What is expected: No pictures go into the output, which should consist only of the lines from the first line of the data through the line with "Adenine is the", copied exactly.

[Materials provided]

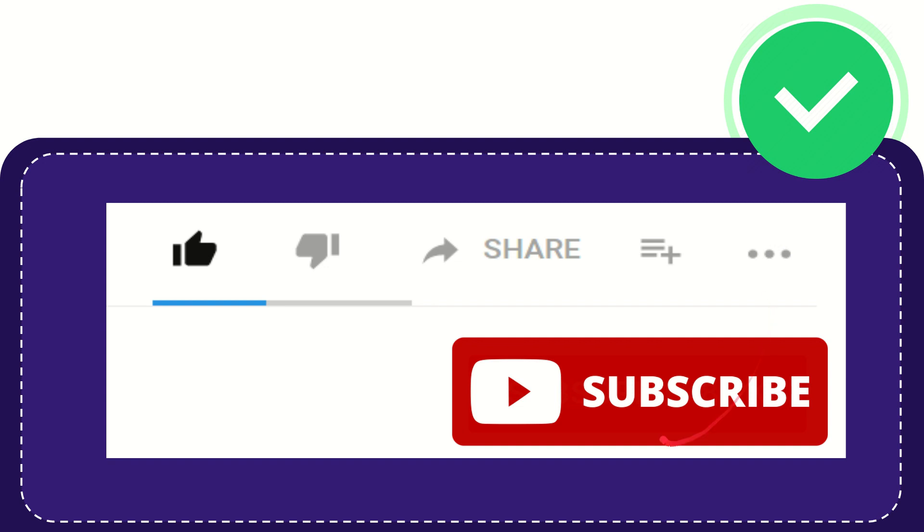And yeah, don't forget to subscribe. I think that's all. Thank you so much for watching this video and see you again in another video. Bye bye, see you again.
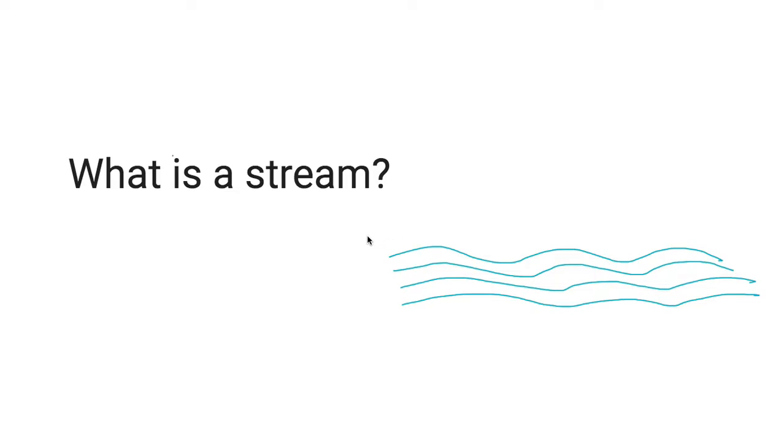Hello there. Today we will be talking about streams.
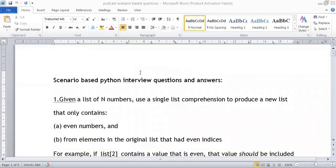Now let's discuss a few scenario-based Python interview questions with answers. In a Python interview, you may be asked to explain basic and advanced concepts, as well as provide solutions for scenario-based questions. Scenario means situation — they will give you a problem and you have to provide the proper coding solution.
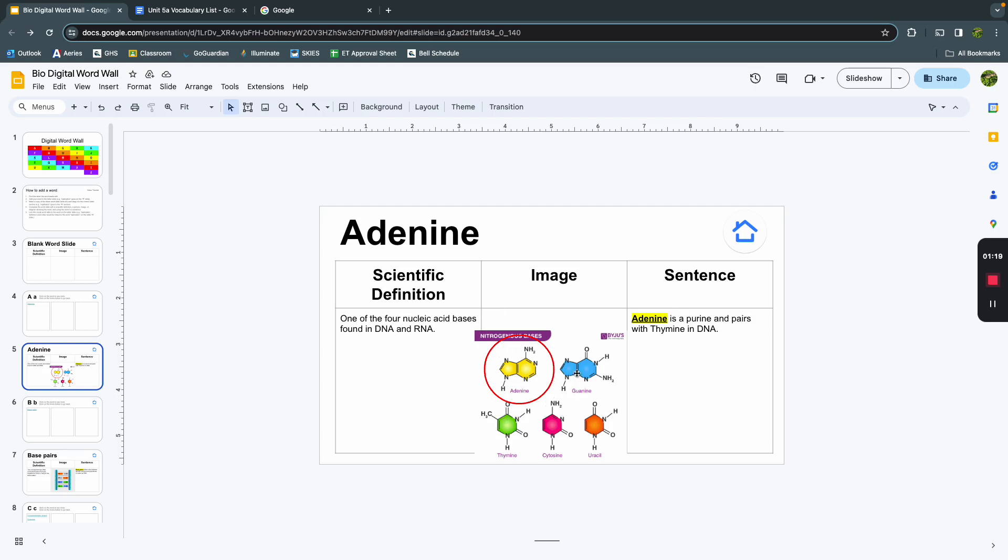Adenine is the one in the red circle, the yellow one here. And I've also used it in a sentence. Adenine is a purine and pairs with thymine in DNA. So that gives you the definition, we see a picture of it, and we can use it in a sentence so we can understand the context of this vocab word.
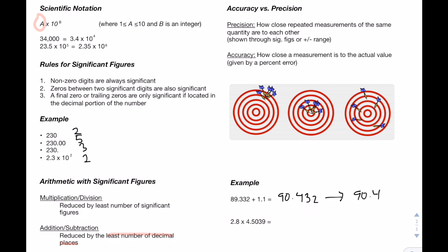Now in the second example, we're doing multiplication. With multiplication and division, we will look at the least number of significant figures. So in this case, our first number, 2.8, only has two significant figures. So we know that our answer will only have two significant figures. If we work this out, we'll end up getting 12.61092, but by significant figures rules, we know that the answer is going to only be 13 because 2.8 only has two significant figures.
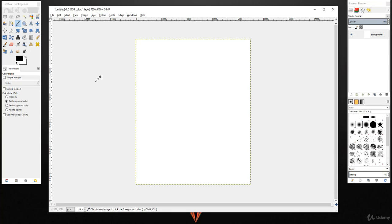This is basically the basic overview of GIMP software interface. From our next lecture we will start designing our t-shirt using GIMP. Thank you so much for watching.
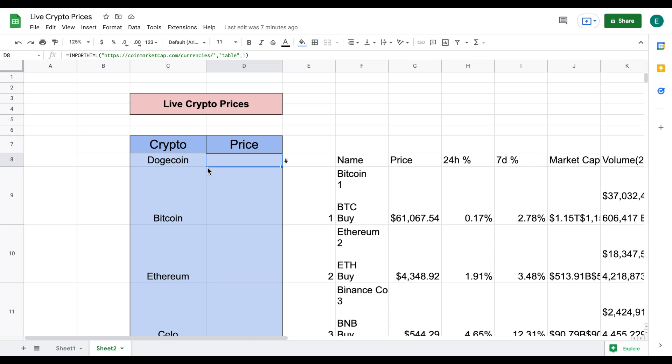So what we need to do is two more steps. The first thing that we need to do is we need to indicate exactly which cryptocurrency we want this formula to pull so in this case we want it to pull whatever is to the left of the price which is currently dogecoin.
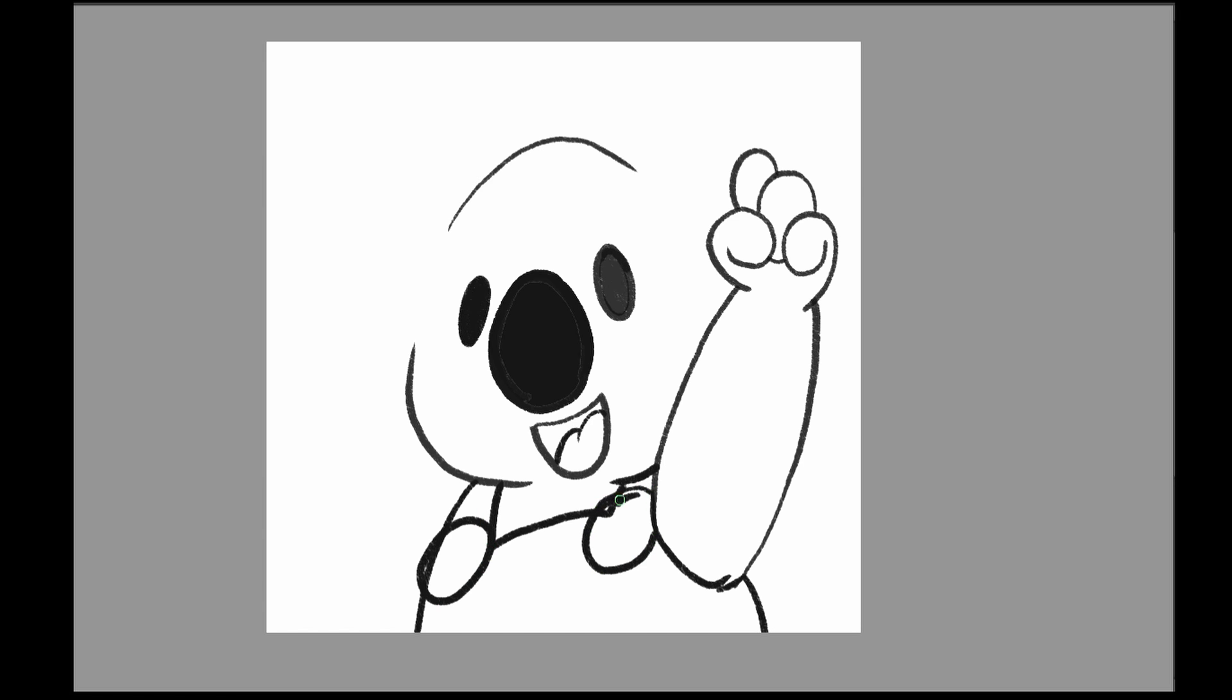So here we are drawing Roebear or Rubear Koala from the fictitious village of New South Wales, Australia.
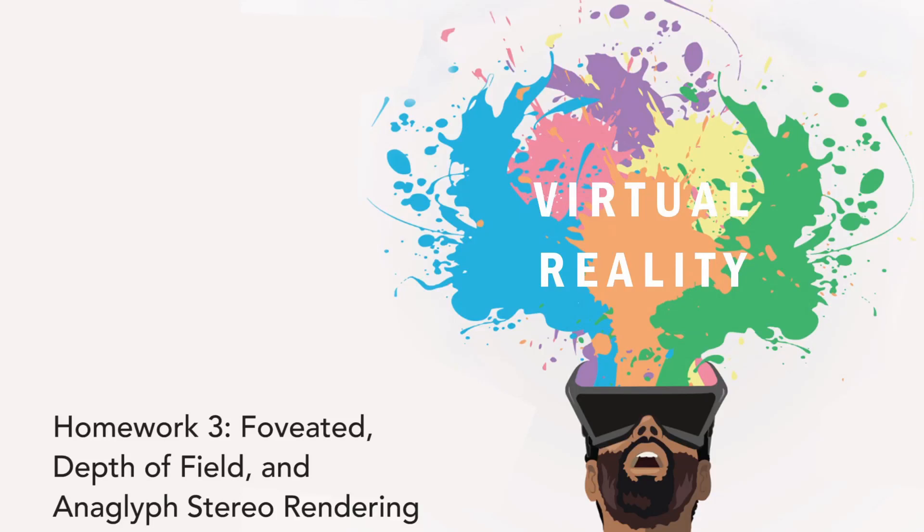Welcome to the third homework video. Hopefully you've managed to complete all of homework 2 by this point and have become familiar with GLSL and shading. In this week's homework, you will be expanding your GLSL skills and will implement foveated rendering, depth of field rendering, and anaglyph stereo rendering.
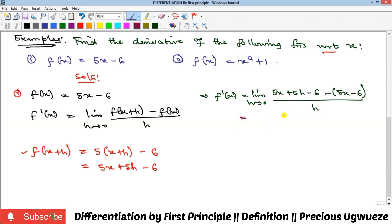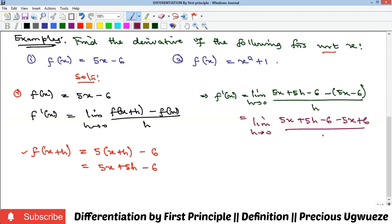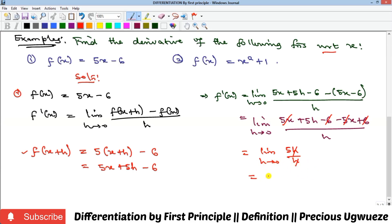Opening the bracket, we have the limit as h goes to zero of 5x + 5h minus 6, then minus 5x plus 6, all over h. You can see that 5x cancels minus 5x, and minus 6 cancels plus 6, leaving only 5h over h. The h cancels, and taking the limit as h goes to zero, our answer is simply 5. That's the solution to the first example.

[/Materials provided]

Exercise answer:
And yeah, don't forget to subscribe. I think that's all. Thank you so much for watching this video and see you again in another video. Bye bye, see you again.
Hello there. Today we will be talking about streams.
Now let's discuss a few scenario-based Python interview questions with answers. In a Python interview, you may be asked to explain basic and advanced concepts, as well as provide solutions for scenario-based questions. Scenario means situation — they will give you a problem and you have to provide the proper coding solution.
Adenine is the one in the red circle, the yellow one here. And I've also used it in a sentence. Adenine is a purine and pairs with thymine in DNA. So that gives you the definition, we see a picture of it, and we can use it in a sentence so we can understand the context of this vocab word.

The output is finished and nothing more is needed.